Widzimy z powyższego, że nasze rozumienie tekstu Rdz 1:26 i udziału Trójcy Świętej w stworzeniu człowieka ma poparcie w tekstach wczesnochrześcijańskich z II i III wieku. Świadkowie Jehowy zarzucając nam jakieś naginanie słów z Rdz 1:26 są w konflikcie z nauczaniem chrześcijan pierwszych wieków.

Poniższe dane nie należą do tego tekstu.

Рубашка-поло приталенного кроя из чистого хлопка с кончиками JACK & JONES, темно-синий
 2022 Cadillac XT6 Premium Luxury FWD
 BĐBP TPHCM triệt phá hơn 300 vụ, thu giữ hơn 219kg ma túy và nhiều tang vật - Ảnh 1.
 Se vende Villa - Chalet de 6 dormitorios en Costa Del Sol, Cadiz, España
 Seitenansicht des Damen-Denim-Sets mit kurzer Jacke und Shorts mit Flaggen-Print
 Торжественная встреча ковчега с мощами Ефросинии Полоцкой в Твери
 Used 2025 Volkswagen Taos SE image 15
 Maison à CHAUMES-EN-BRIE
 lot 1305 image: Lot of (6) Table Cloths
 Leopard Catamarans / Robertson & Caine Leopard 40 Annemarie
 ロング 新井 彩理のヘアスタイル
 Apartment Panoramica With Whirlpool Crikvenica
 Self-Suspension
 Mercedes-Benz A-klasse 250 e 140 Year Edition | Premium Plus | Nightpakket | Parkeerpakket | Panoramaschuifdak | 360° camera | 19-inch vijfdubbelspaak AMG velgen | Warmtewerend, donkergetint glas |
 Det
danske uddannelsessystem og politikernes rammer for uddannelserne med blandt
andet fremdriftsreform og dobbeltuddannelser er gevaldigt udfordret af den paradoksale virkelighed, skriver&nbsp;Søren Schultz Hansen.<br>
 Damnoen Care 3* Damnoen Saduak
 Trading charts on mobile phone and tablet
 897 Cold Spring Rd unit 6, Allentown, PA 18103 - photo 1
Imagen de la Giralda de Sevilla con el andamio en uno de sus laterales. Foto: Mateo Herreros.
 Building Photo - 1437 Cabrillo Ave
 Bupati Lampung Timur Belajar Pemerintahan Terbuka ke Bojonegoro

Warto tu na koniec jeszcze dodać, że również największy obrońca Trójcy Świętej, to znaczy św. Atanazy (295-373), również trynitarnie odczytywał treść Ps 33:6 oraz Ps 147:18, w którym dziś słowo „Duch” oddawane jest terminem „wiatr” (to samo określenie w języku greckim i hebrajskim), co Świadkowie Jehowy sami przyznają w przypisie do Ps 147:18 w swej angielskiej Biblii:
“His wind.” Heb., ru·choh′; Gr., pneu′ma; Lat., spi′ri·tus (New World Translation of the Holy Scriptures - With References 1984).
Oto słowa Atanazego:
„Wynika stąd, że jedna jest siła sprawcza Trójcy. (...) Nie ma przecież niczego, co nie powstałoby albo nie było dokonane przez Słowo w Duchu Świętym. Mówi o tym pieśń Psalmu: »Przez Słowo Pana powstały niebiosa, a wszystkie jego zastępy przez Ducha ust Jego« [Ps 33:6], i Psalm (...): »Pośle swe Słowo i każe im tajać, tchnie Ducha swego, a spłyną wody« [Ps 147:18]. Wedle zaś Apostoła »zostaliśmy usprawiedliwieni w imię Pana naszego, Jezusa Chrystusa, i w Duchu Boga naszego« [1Kor 6:11]. Ducha bowiem nie można oddzielać od Słowa” („List do Serapiona” 1:31);
„Jeśli zaś tak napisano w Psalmie, to jasne, że Duch nie jest stworzeniem, lecz bierze udział w akcie stwórczym. Ojciec bowiem stwarza wszystko przez Słowo w Duchu Świętym, ponieważ Duch jest tam, gdzie Słowo, a byty stwarzane za pośrednictwem Słowa moc istnienia otrzymują od Ducha przez Słowo. Tak bowiem napisano w (...) Psalmie: »Przez Słowo Pana powstały niebiosa i wszystkie ich zastępy przez Ducha ust Jego« [Ps 33:6]. Ducha bowiem nie można oddzielać od Syna, jak to wynika niezbicie z powyższych stwierdzeń” („List do Serapiona” 3:5).